NginxPulse LogoNginxPulse Docs

Log Parsing

Log Parsing

This page explains how NginxPulse parses, incrementally scans, backfills, and cleans logs. For source setup, see Log Sources. For format examples, see Supported Log Formats. For Push Agent, see Agent Collection.

Flow

  1. Initial scan: parse the recent window after startup.
  2. Incremental scan: scan appended logs by system.taskInterval.
  3. Historical backfill: fill older logs in the background without blocking realtime parsing.
  4. IP geo backfill: resolve IP locations asynchronously after logs are inserted.

Incremental Scan And State

  • State file: var/nginxpulse_data/nginx_scan_state.json
  • If current file size is smaller than the last recorded size, it is treated as log rotation and parsed from the beginning.
  • Site ID is derived from websites[].name. Renaming creates a new site and reparses logs.
  • .gz logs are parsed as whole files and change detection is based on file metadata.

Batch Size And Performance

  • system.parseBatchSize controls insert batch size, default 100.
  • It can be overridden by LOG_PARSE_BATCH_SIZE.
  • Larger batches can improve historical import throughput, but increase transaction pressure and memory usage.

Progress And ETA

Endpoint: GET /api/status

  • log_parsing_progress: log parsing progress, from 0 to 1.
  • log_parsing_estimated_remaining_seconds: estimated remaining seconds for log parsing.
  • ip_geo_progress: IP geo progress, from 0 to 1.
  • ip_geo_estimated_remaining_seconds: estimated remaining seconds for IP geo backfill.

The frontend can poll this endpoint to refresh progress.

Retention And Cleanup

  • system.logRetentionDays controls retention, default 30.
  • Cleanup runs at 02:00 in system timezone.
  • Cleanup only removes parsed access data in the database. It does not delete raw log files.
  • Application logs in var/nginxpulse_data/nginxpulse.log use log rotation and are not controlled by logRetentionDays.
  • Restart the service/container after changing logRetentionDays.
  • To rebuild historical parsed data with a new retention value, restart and run “Reparse”.

10G+ Log Optimization

  • Parsing writes core fields first and queues IP geo work.
  • IP geo is resolved in batches in the background.
  • For better throughput: increase parseBatchSize, shorten import-time taskInterval, improve disk/database IO, or split logs by day.

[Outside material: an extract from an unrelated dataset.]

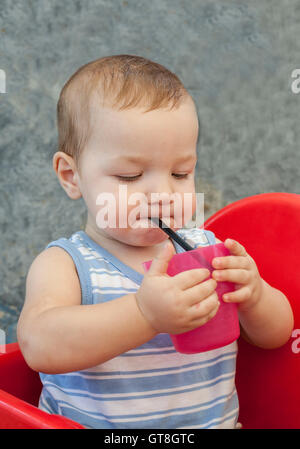 Baby boy drinking by himself with straw. He is seated in high chair at terrace restaurant Stock Photo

Current Architecture vs Ideal Streaming Architecture

When optimizing large log imports, “streaming parsing” can mean two different things:

  • Current implementation: read line by line, parse line by line, then synchronously batch insert.
  • Ideal streaming architecture: split read / parse / clean / write into independently concurrent pipeline stages.

Current Implementation

Current implementation

Ideal Streaming Architecture

Ideal streaming architecture

Strengths Of Current Implementation

  • Simple implementation and shorter debugging path.
  • More predictable memory usage without worker backlog explosions.
  • Easier consistency for state files, progress, and backfill logic.
  • Stable enough for single-node, single-site, low-to-medium growth logs.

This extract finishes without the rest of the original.